Cegah Kartel Obat, Kementerian Kesehatan Gandeng KPPU

Arief Kamaluddin | Katadata
Penulis: Muhammad Firman
Editor: Pingit Aria
10/2/2017, 18.39 WIB

Regulasi tersebut menyebutkan bahwa pemberian informasi harga eceran tertinggi obat bertujuan menjamin keterjangkauan harga obat dan upaya dalam memenuhi akuntabilitas dan transparansi kepada masyarakat. Berkat peraturan itu, apoteker bisa memberikan alternatif yang kontennya aman. “Itu suatu kemajuan luar biasa karena biasanya yang referensi kan dokternya,” katanya.
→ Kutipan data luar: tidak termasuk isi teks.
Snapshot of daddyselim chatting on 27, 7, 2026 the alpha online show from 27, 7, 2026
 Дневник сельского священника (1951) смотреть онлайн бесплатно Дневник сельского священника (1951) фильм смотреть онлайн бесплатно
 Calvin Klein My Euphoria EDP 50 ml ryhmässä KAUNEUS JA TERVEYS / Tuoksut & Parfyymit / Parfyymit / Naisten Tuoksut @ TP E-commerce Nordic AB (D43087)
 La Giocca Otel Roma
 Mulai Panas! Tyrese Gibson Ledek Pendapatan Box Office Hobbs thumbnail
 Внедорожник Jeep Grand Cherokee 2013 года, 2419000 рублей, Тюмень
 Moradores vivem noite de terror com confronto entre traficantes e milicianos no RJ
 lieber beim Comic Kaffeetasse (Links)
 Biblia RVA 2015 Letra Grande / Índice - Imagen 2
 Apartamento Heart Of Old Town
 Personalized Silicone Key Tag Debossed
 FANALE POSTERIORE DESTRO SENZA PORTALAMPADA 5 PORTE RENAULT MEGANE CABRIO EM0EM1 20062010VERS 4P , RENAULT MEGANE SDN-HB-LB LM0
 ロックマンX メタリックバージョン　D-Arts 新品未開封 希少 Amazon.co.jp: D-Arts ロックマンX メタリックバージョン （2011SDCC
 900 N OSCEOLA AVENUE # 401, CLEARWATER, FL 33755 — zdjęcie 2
Menteri Kesehatan Nila F Moeloek mengatakan hampir semua sektor dalam industri kesehatan antara lain industri  farmasi, pelayanan kesehatan, pemenuhan fasilitas pelayanan kesehatan serta pembiayaan kesehatan rentan terhadap praktik monopoli semu.

Lebih lagi, riset yang panjang dan memakan biaya yang tidak sedikit berpotensi menghasilkan perang harga. "Obat ini butuh penelitian yang tidak mudah karena menyangkut keamanan manusia. Perlu riset hingga aman. Tentu dunia industri menjadikan ini suatu persaingan dalam harga," ujar Nila.
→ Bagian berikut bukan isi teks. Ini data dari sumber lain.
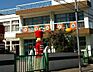 周辺：新瑞幼児園まで530m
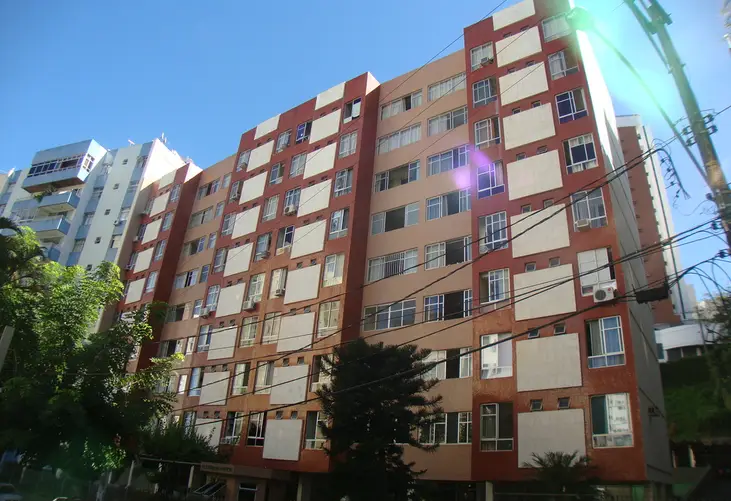 Condomínio Edifício Serra do Apipema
(Baca juga:  Indonesia – India Sepakat Kerja Sama di Tiga Sektor Industri)

Di sisi lain, Nila juga berharap industri farmasi dalam negeri sedikit demi sedikit bisa melakukan subtitusi impor bahan baku obat. Selama ini, 90 persen bahan baku obat didatangkan dari luar negeri.

Melalui penerbitan Instruksi Presiden nomor 6 tahun 2016 tentang percepatan pengembangan industri farmasi dan alat kesehatan, Nila berharap bahan baku obat seluruhnya bisa dihasilkan negeri sendiri. “Dengan reglasi  itu kita membuka investasi bahan baku obat 100 persen dilakukan di indonesia. Kimia Farma sudah bisa lakukan itu sebetulnya,” katanya.